The working draft includes updates to chapter 6, Valuation of Equity Securities in Complex Capital Structures, which may have significant implications on valuations for financial reporting purposes. It also includes updates to chapter 8, Inferring Value from Transactions in a Private Company’s Securities, and chapter 9, Selected Accounting and Disclosure Matters, which were previously released for comment in June 2024.
Comments on the working draft are due by June 1, 2026.
International Accounting Standards Board
IASB Proposes Amendments to Fair Value Option for Certain Investments
On February 19, the IASB issued an exposure draft proposing narrow-scope amendments to clarify that an entity that has a main business activity of investing in particular types of assets (as set out in paragraph 49(a) of IFRS 18) is eligible to elect the fair value option in IAS 28 Investments in Associates and Joint Ventures. The proposed amendments aim to improve consistency in application and provide clarity ahead of the effective date of IFRS 18 Presentation and Disclosure in Financial Statements.
Comments are due by April 20, 2026.
SEC Regulatory Updates
SEC Proposes Amendments to Small Entity Definitions
On January 7, the SEC issued a proposed rule amending the definitions of “small business” and “small organization” for registered investment companies, investment advisers, and business development companies for purposes of the Regulatory Flexibility Act. The proposal would raise the small entity thresholds for investment companies and advisers. It is designed to help the SEC better tailor its analyses to address the specific regulatory challenges that these small entities face so it can consider adapting its rulemaking accordingly. Additional information may be found on the SEC’s website. Comments are due by March 13, 2026.
SEC Staff Issues Statement on Tokenized Securities
On January 28, the SEC’s Division of Corporation Finance, Division of Investment Management, and Division of Trading and Markets issued a joint statement to provide their views on tokenized securities. A tokenized security, as defined in the statement, is a financial instrument that meets the definition of “security” under the federal securities laws that is formatted as or represented by a crypto asset and for which the record of ownership is maintained in whole or in part on or through one or more crypto networks (e.g., blockchain or similar distributed ledger technology). The statement notes that tokenized securities generally fall into two categories: (1) securities tokenized by or on behalf of the issuers of such securities, and (2) third party-sponsored tokenized securities. The statement provides views on the application of federal securities laws to tokenized securities based on the model of tokenization, terms of structure, and rights of the holders.
SEC Proposes Amendments to Form N-PORT and Extends “Names Rule” Deadlines
On February 18, the SEC proposed amendments to Form N-PORT, the report used by certain registered investment companies to file monthly portfolio holdings with the SEC. The proposed amendments would:
Comments are due 60 days following publication in the Federal Register.

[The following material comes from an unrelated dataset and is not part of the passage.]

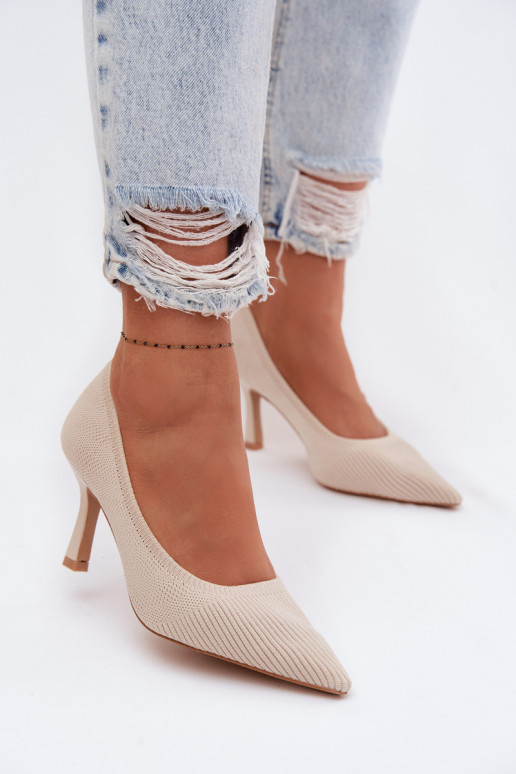  hochhackige Schuhe Schuhe Beige Lelissey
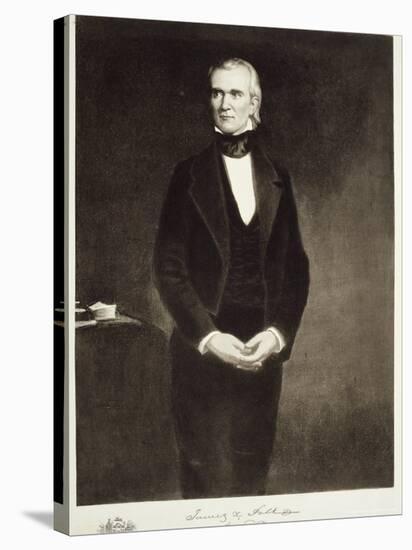James K. Polk-George Peter Alexander Healy-Stretched Canvas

Additionally, the SEC extended the compliance dates for Form N-PORT reporting requirements related to the “Names Rule” to November 17, 2027 for fund groups with net assets of $10 billion or more and to May 18, 2028 for fund groups with less than $10 billion.
Other Regulatory Updates
European Commission
On January 8, the European Commission posted final amendments related to the EU Taxonomy Regulation in the Official Journal. The amendments will enter into force on January 28. The provisions may be applied to reports issued on or after January 1, 2026. Entities with fiscal years beginning in 2025 may elect not to apply the amendments.
The amendments are part of the Omnibus package of improvements and are intended to reduce administrative burden, improve the accuracy of key performance indicators (KPIs), and shorten and simplify the mandated reporting templates. They also permit financial entities to delay compliance with the EU Taxonomy Regulation for two years as long as they do not assert that they have sustainable activities.

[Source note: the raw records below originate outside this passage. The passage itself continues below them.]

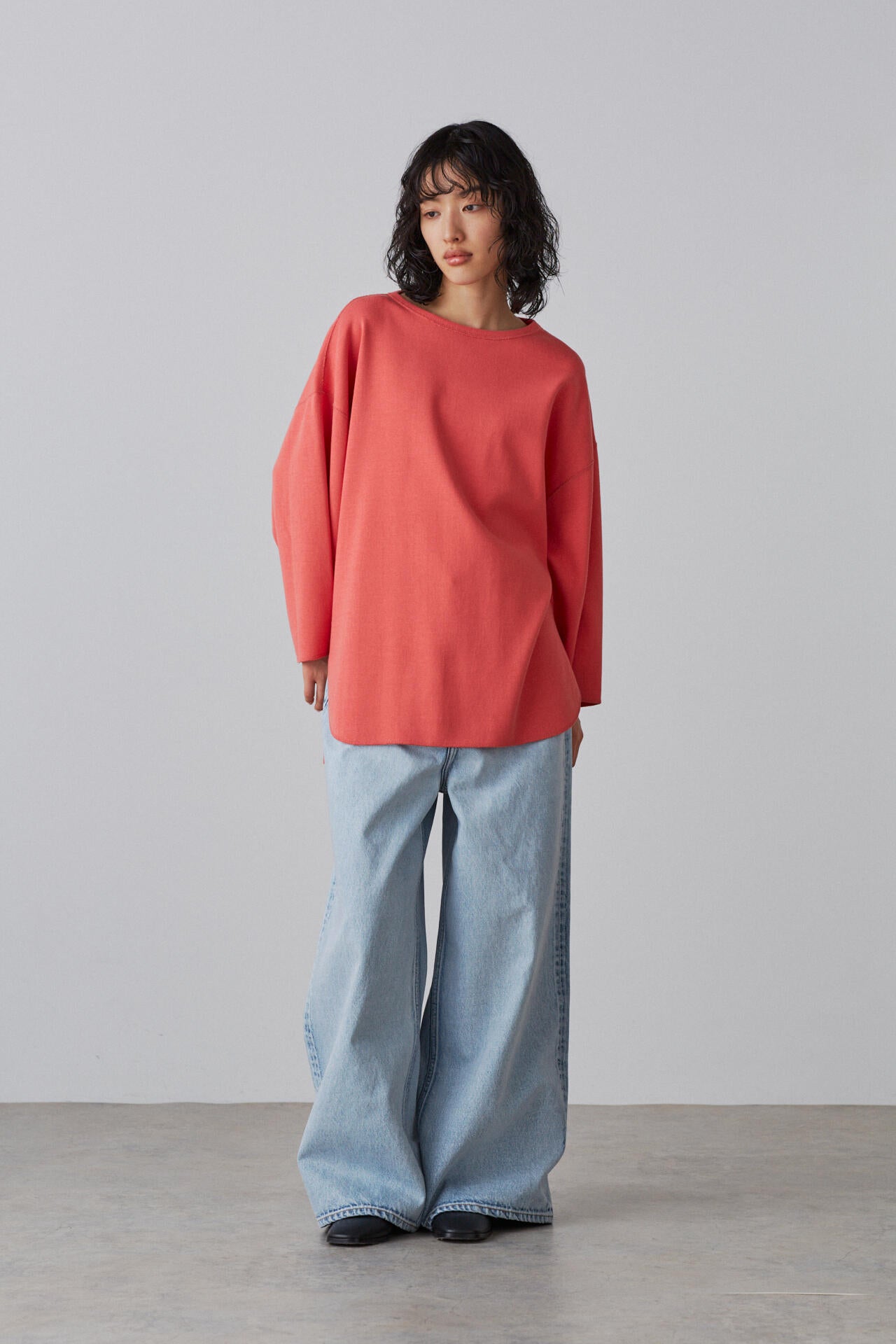 YLEVE / COTTON RIB PULLOVER BIG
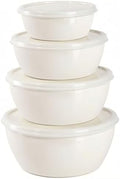 4-Piece Classic Plastic Prep Bowls by SCWBOEII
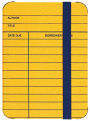 Glowlight 3 Book Cover Library Card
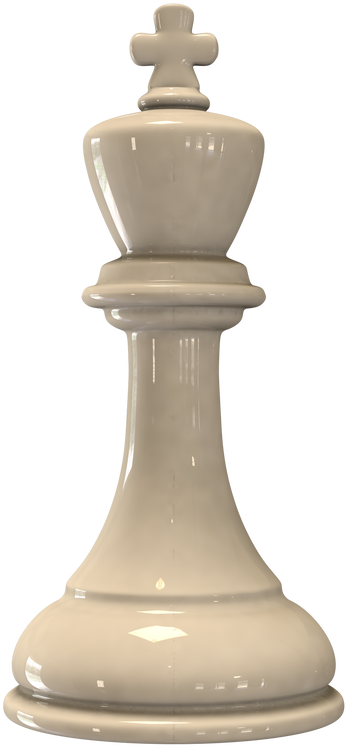 White_ Chess_ King_ Piece PNG image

California Air Resources Board (CARB)
On January 13, the CARB posted preliminary draft regulatory proposal documents that would amend existing regulations applicable to certain California electricity generators, industrial facilities, fuel suppliers, and electricity importers under the AB 32 Global Warming Solutions Act of 2006.

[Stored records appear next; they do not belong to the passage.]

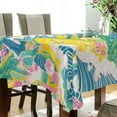 thumbnail image 5 of Yayeee Tablecloths 54" x 54" Rectangle Wrinkle Resistant Party Table Cover, Yellow Mountains, 5 of 8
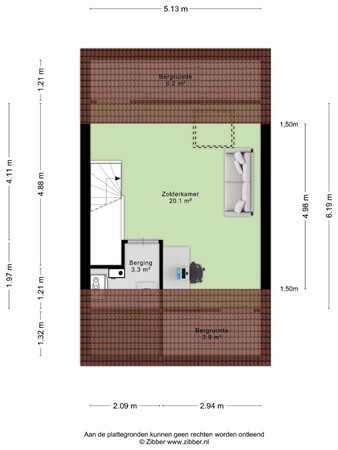 Floorplan - Zebrakever 50, 5692 VJ Son en Breugel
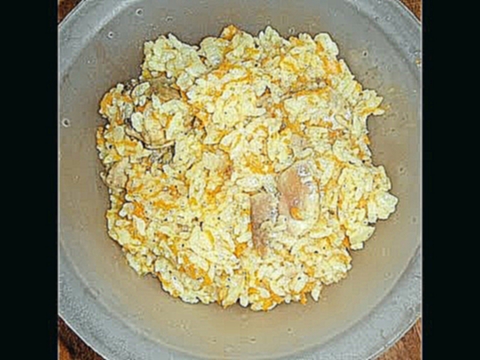 Плов с курицей в микроволновке 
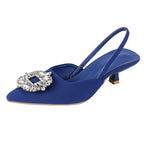 Damen Slingback-Pumps mit funkelndem Schmuckdetail R&B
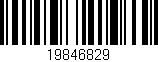 Código de barras (EAN, GTIN, SKU, ISBN): '19846829'
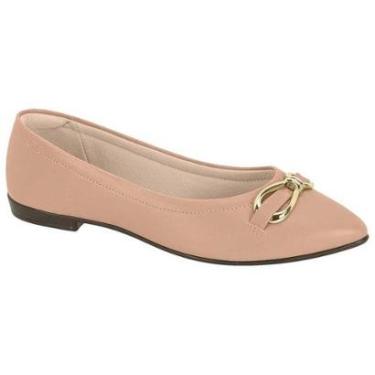 Imagem de Sapatilha Feminina Bico Fino Napa Nude Beira Rio 4136.1111-Feminino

The draft proposal documents relate to the California Cap-and-Invest (formerly the Cap-and-Trade) Regulation. The proposed amendments are intended to reflect recent legislative changes that extend the program through 2045 and build on ongoing regulatory updates initiated in 2023. CARB also posted draft proposal documents related to the Mandatory Greenhouse Gas Reporting Regulation (MRR), which supports data and compliance requirements of the Cap-and-Invest program.
Center for Audit Quality (CAQ)
The CAQ SEC Regulations Committee and its International Practices Task Force discussed recent inflation data for certain countries at its November 2025 meeting and issued a discussion document in January 2026 noting that Egypt no longer has a three-year cumulative inflation rate exceeding 100% in the most recent annual period reported. Egypt’s three‑year cumulative inflation rate was between 70% and 100% in the last calendar year. The discussion document also includes a list of countries whose three-year cumulative inflation rate continues to exceed 100% in the most recent annual period reported.
ASC 830, Foreign Currency Matters, requires a foreign entity in a highly inflationary economy to remeasure its financial statements using its parent’s reporting currency, as of the beginning of the reporting period, including interim reporting periods, following the period in which the economy becomes highly inflationary. An economy is considered highly inflationary when it has a cumulative inflation rate of approximately 100% or more over a three-year period.
Given global inflation trends, entities with foreign operations should continue monitoring inflation in countries in which they operate that have high levels of inflation.
While accounting clarity has arrived, tax clarity has not, particularly regarding U.S. crypto tax treatment and crypto reporting requirements. Organizations such as FASB have provided established guidance, but others, namely the Internal Revenue Service (IRS), are expected to address changes to tax treatment and potential reporting requirements for cryptocurrency. House representatives have returned from their holiday recess with a focus on enacting legislation by late summer to clarify how the tax code will treat the trade and/or creation of digital assets.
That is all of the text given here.